Pseudo-runes are letters that look like Germanic runes but are not true ancient runes. 
The term is mostly used of incised characters that are intended to imitate runes. Pseudo-runes in this sense are difficult to distinguish from cipher runes, which are characters used as a replacement of standard runes but which do have an intended reading, while pseudo-runes have no linguistic content.

The term "pseudo-runes" has also been used for runes "invented" after the end of the period of runic epigraphy, used only in medieval manuscripts but not in inscriptions.

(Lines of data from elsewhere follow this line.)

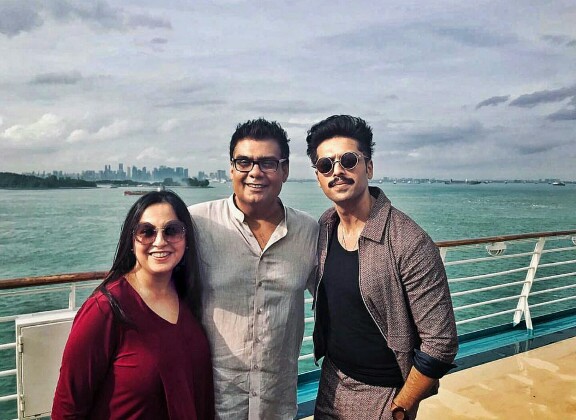 Fahad Mustafa On A Cruise In Singapore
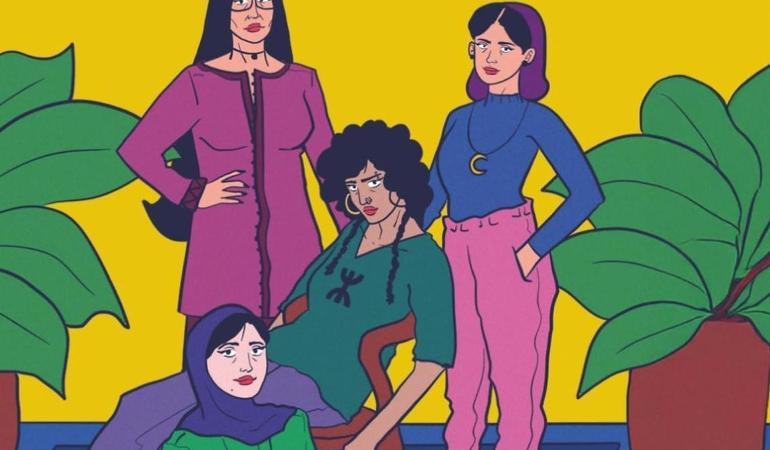 Un particolare della copertina del libro Femministe Musulmane di Jamal Ouazzani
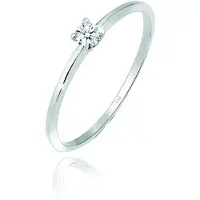 Elli DIAMONDS Bague 'Diamant' argent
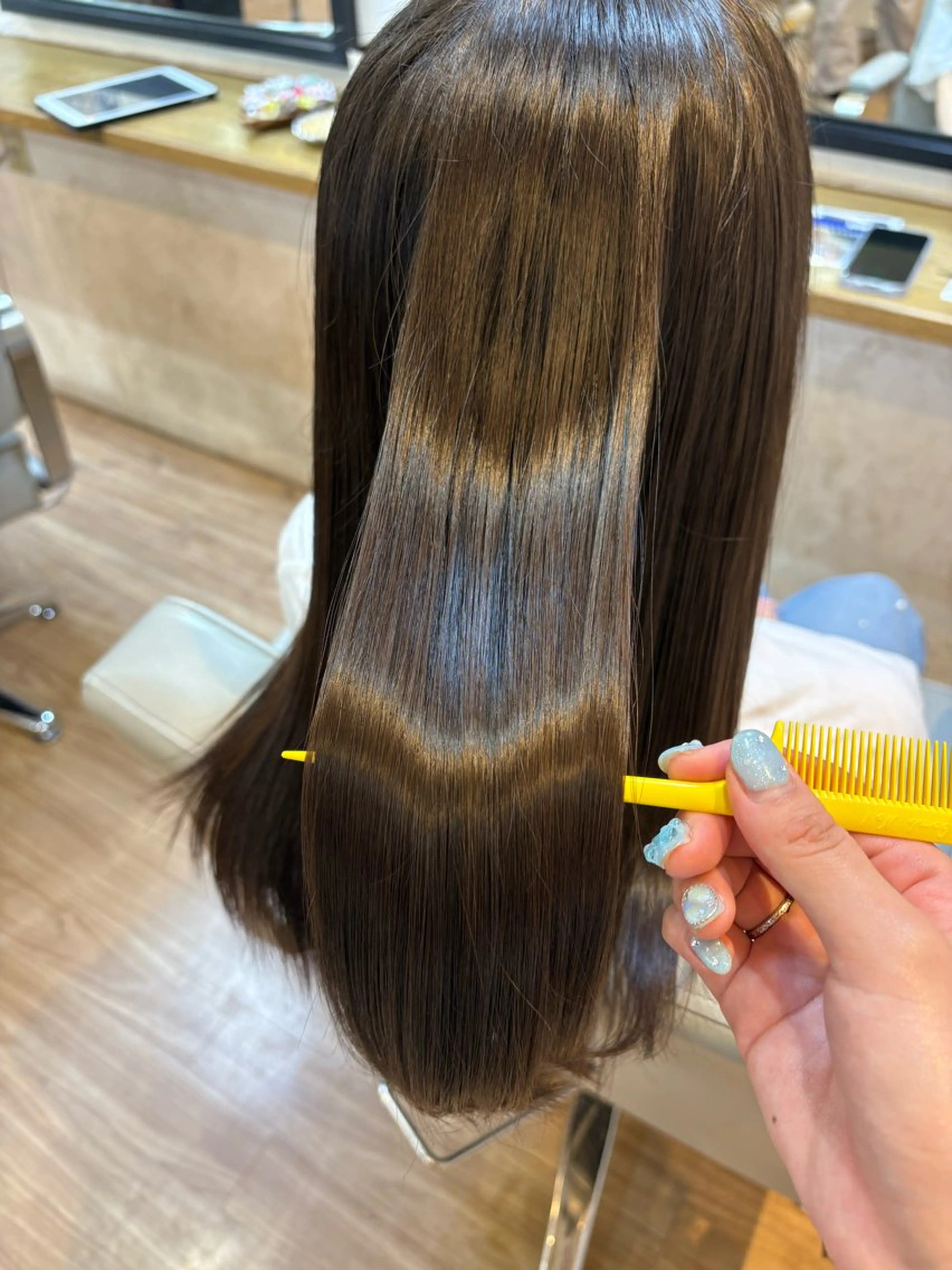 セミロング トリートメント IRICO たまプラーザ所属・韓国ヘアー🇰🇷 MIWAのヘアスタイル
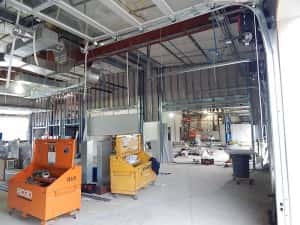 To the right of the new service drive entrance will be 3 to 4 bays for Accelerated Service. — at Sunnyside Acura of Nashua NH.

It has also been used for unrelated historical scripts with an appearance similar to runes, and of modern Latin alphabet variants intended to be reminiscent of runic script.

Imitation runes

The main use of the term pseudo-rune is in reference to epigraphic inscriptions using letters that imitate the appearance of runes, but which cannot be read as runes.  These are different from cryptic or magical runic inscriptions comprising a seemingly random jumble of runic letters, which cannot be interpreted by modern scholars, but can at least be read.  In contrast, pseudo-runic inscriptions consist mostly of false letters (some pseudo-runes within a pseudo-runic inscription may coincidentally appear similar or identical to true runes), and so cannot be read at all, even nonsensically.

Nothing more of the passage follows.